- Instructions to follow:
Give the data below again exactly, and drop each picture from it.

Segment Start: Extracted information

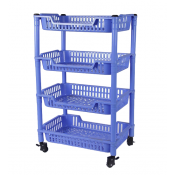 Plastic Trolleys (3)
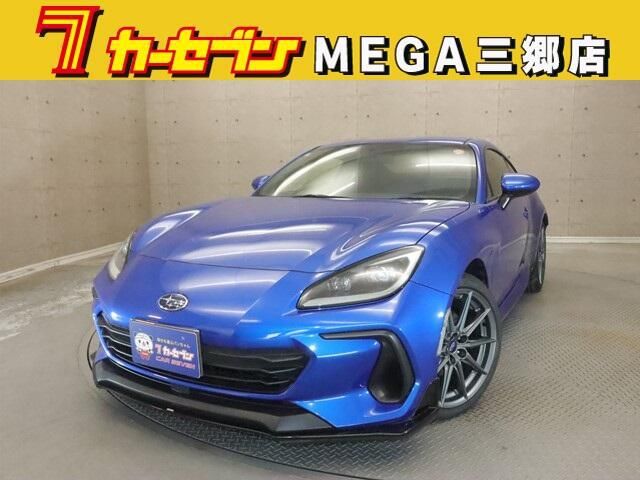 2023 Subaru BRZ 2.4 S - photo 1 2023 Subaru BRZ 2.4 S Sedan for sale, Japanese used car export | GULJI TRADERS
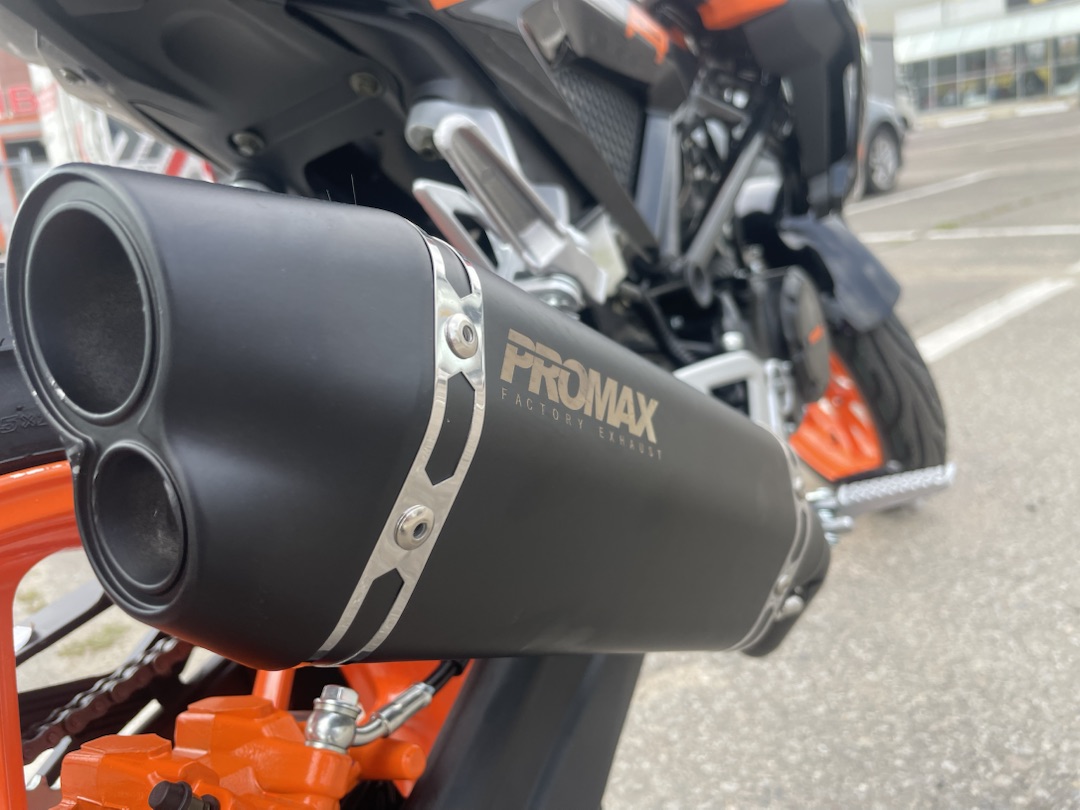 Мопед PROMAX CB150R (49) в Боровичах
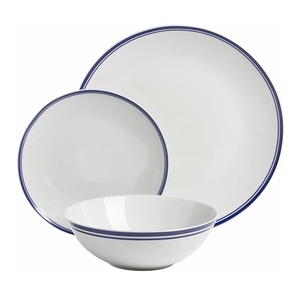Juego <span class=keywords><strong>de</strong></span> <span class=keywords><strong>Vajilla</strong></span> <span class=keywords><strong>de</strong></span> <span class=keywords><strong>Porcelana</strong></span> <span class=keywords><strong>de</strong></span> <span class=keywords><strong>12</strong></span> <span class=keywords><strong>Piezas</strong></span> para Diseño Personalizado al por Mayor, Platos para Graduación - Product Image 2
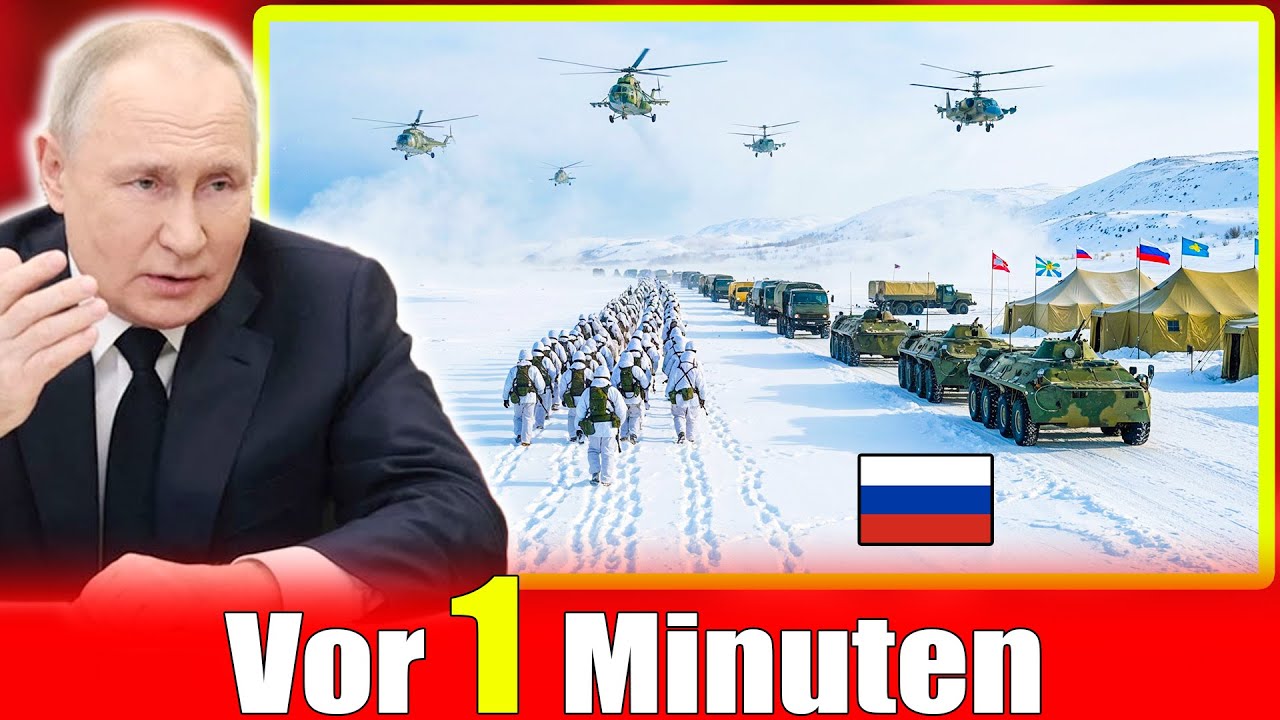Grönland im Alarmzustand – Russlands Reaktion auf USA- und NATO-Aktivitäten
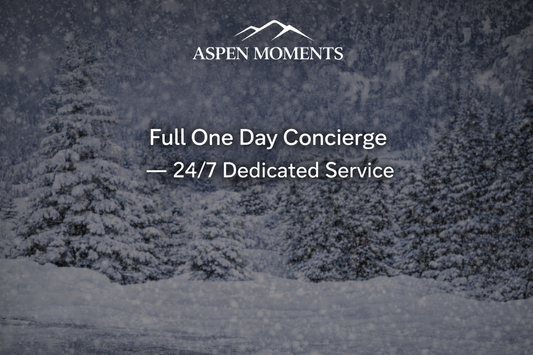 Full One Day Concierge – 24/7 Dedicated Service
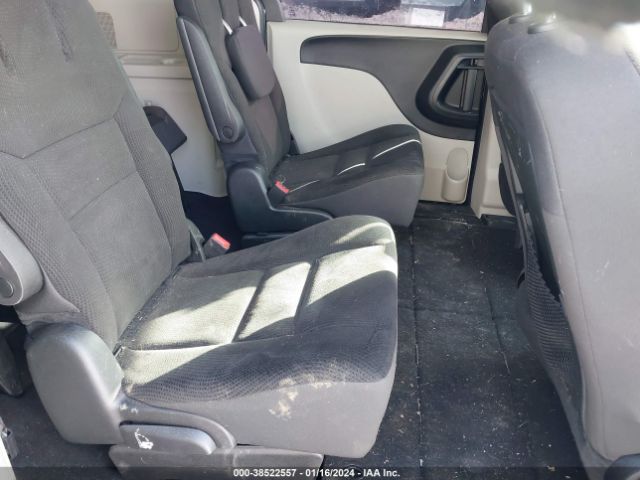 2C4RDGBG5HR851453 Dodge Grand Caravan Se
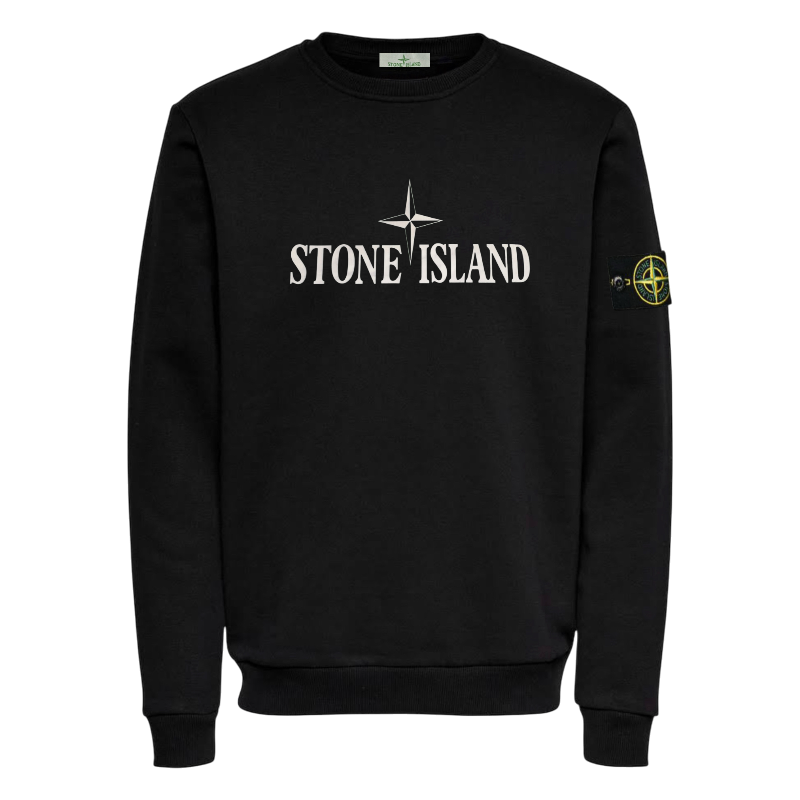 SUDADERA STONE I$LAND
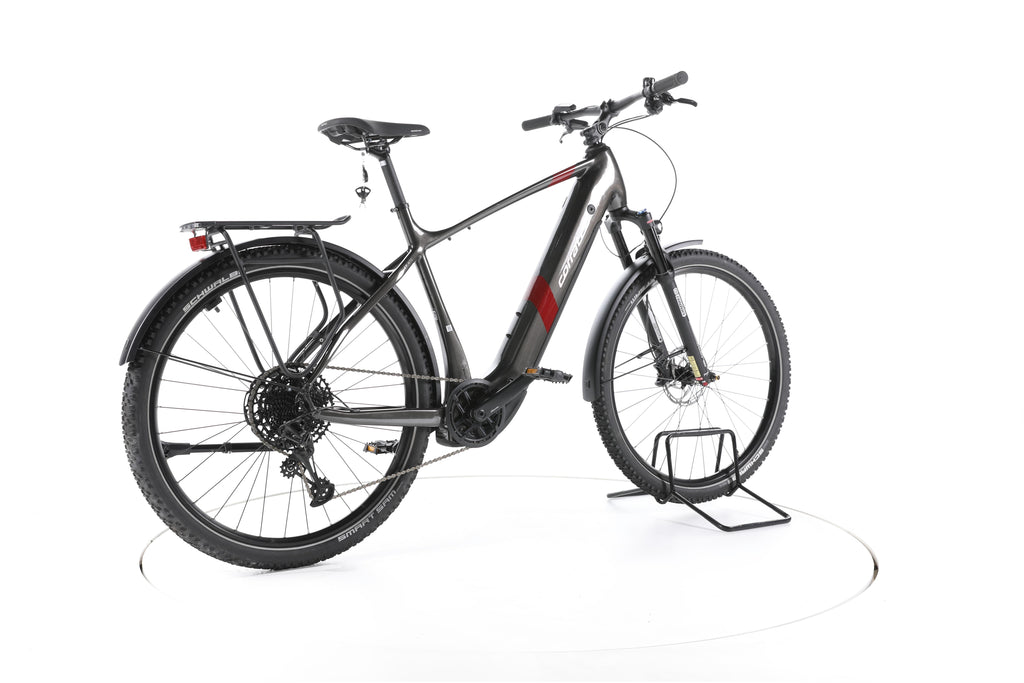 Corratec E-Power MTC Elite CX8 12S Gent Trekking E-Bike 2025 - Image 12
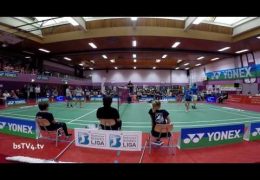 GD - 1BL FinalFour2017 Seidel/Herttrich vs Schwenger/Nelte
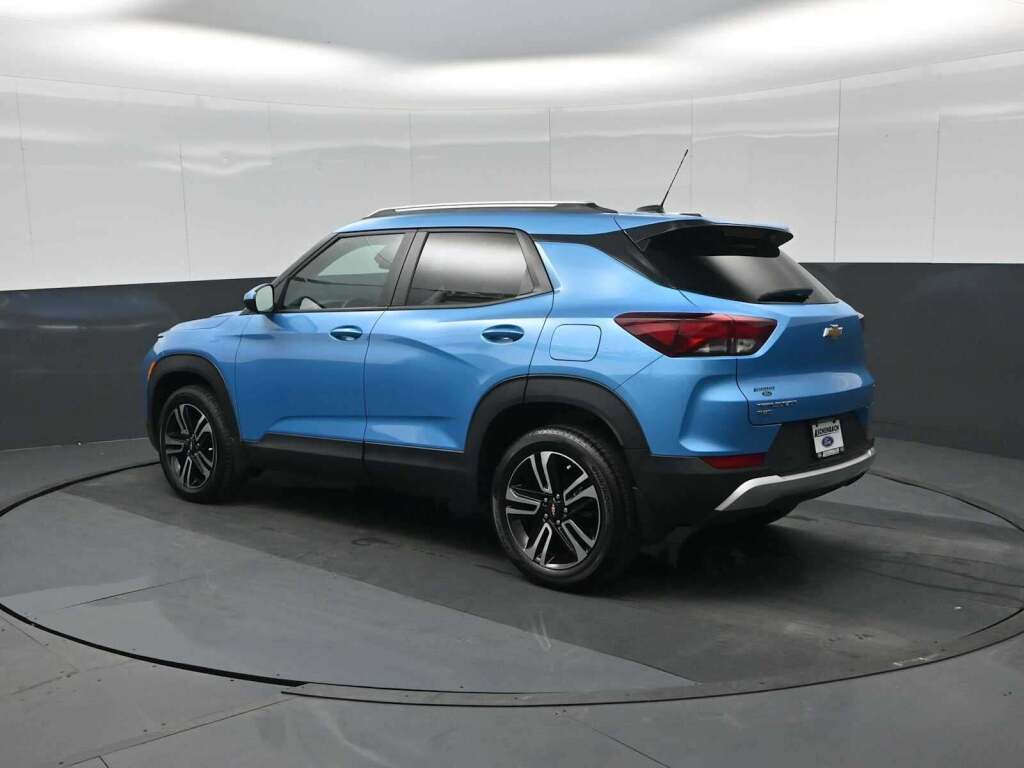 2026 Chevrolet Trailblazer AWD LT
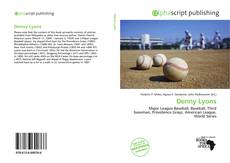 Borítókép a  Denny Lyons - hoz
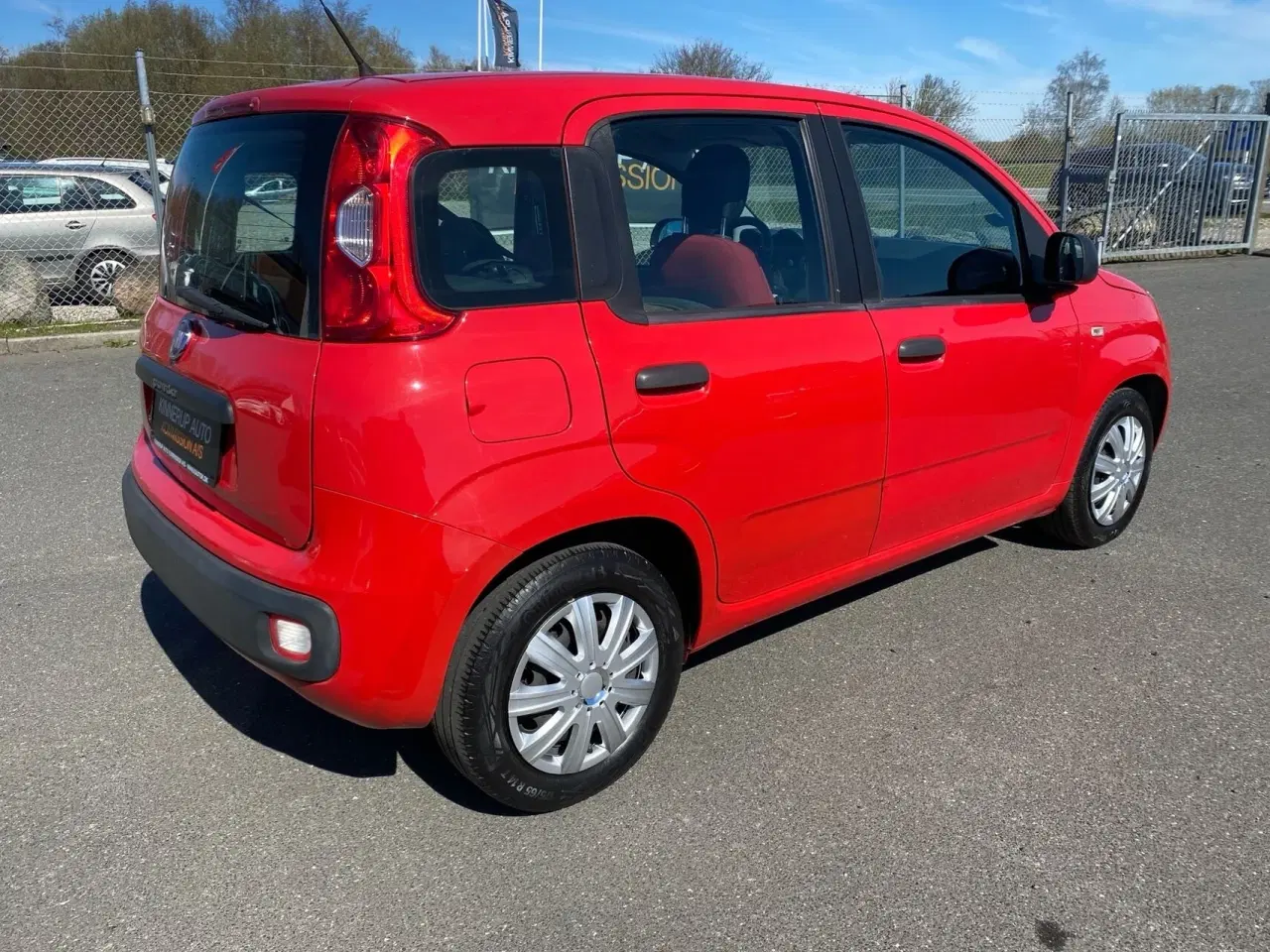 Billede 3 - Fiat Panda 1,2 Easy Start & Stop 69HK 4d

Segment End: Extracted information

- Written response:
 Plastic Trolleys (3)
 2023 Subaru BRZ 2.4 S - photo 1 2023 Subaru BRZ 2.4 S Sedan for sale, Japanese used car export | GULJI TRADERS
 Мопед PROMAX CB150R (49) в Боровичах
Juego <span class=keywords><strong>de</strong></span> <span class=keywords><strong>Vajilla</strong></span> <span class=keywords><strong>de</strong></span> <span class=keywords><strong>Porcelana</strong></span> <span class=keywords><strong>de</strong></span> <span class=keywords><strong>12</strong></span> <span class=keywords><strong>Piezas</strong></span> para Diseño Personalizado al por Mayor, Platos para Graduación - Product Image 2
Grönland im Alarmzustand – Russlands Reaktion auf USA- und NATO-Aktivitäten
 Full One Day Concierge – 24/7 Dedicated Service
 2C4RDGBG5HR851453 Dodge Grand Caravan Se
 SUDADERA STONE I$LAND
 Corratec E-Power MTC Elite CX8 12S Gent Trekking E-Bike 2025 - Image 12
 GD - 1BL FinalFour2017 Seidel/Herttrich vs Schwenger/Nelte
 2026 Chevrolet Trailblazer AWD LT
 Borítókép a  Denny Lyons - hoz
 Billede 3 - Fiat Panda 1,2 Easy Start & Stop 69HK 4d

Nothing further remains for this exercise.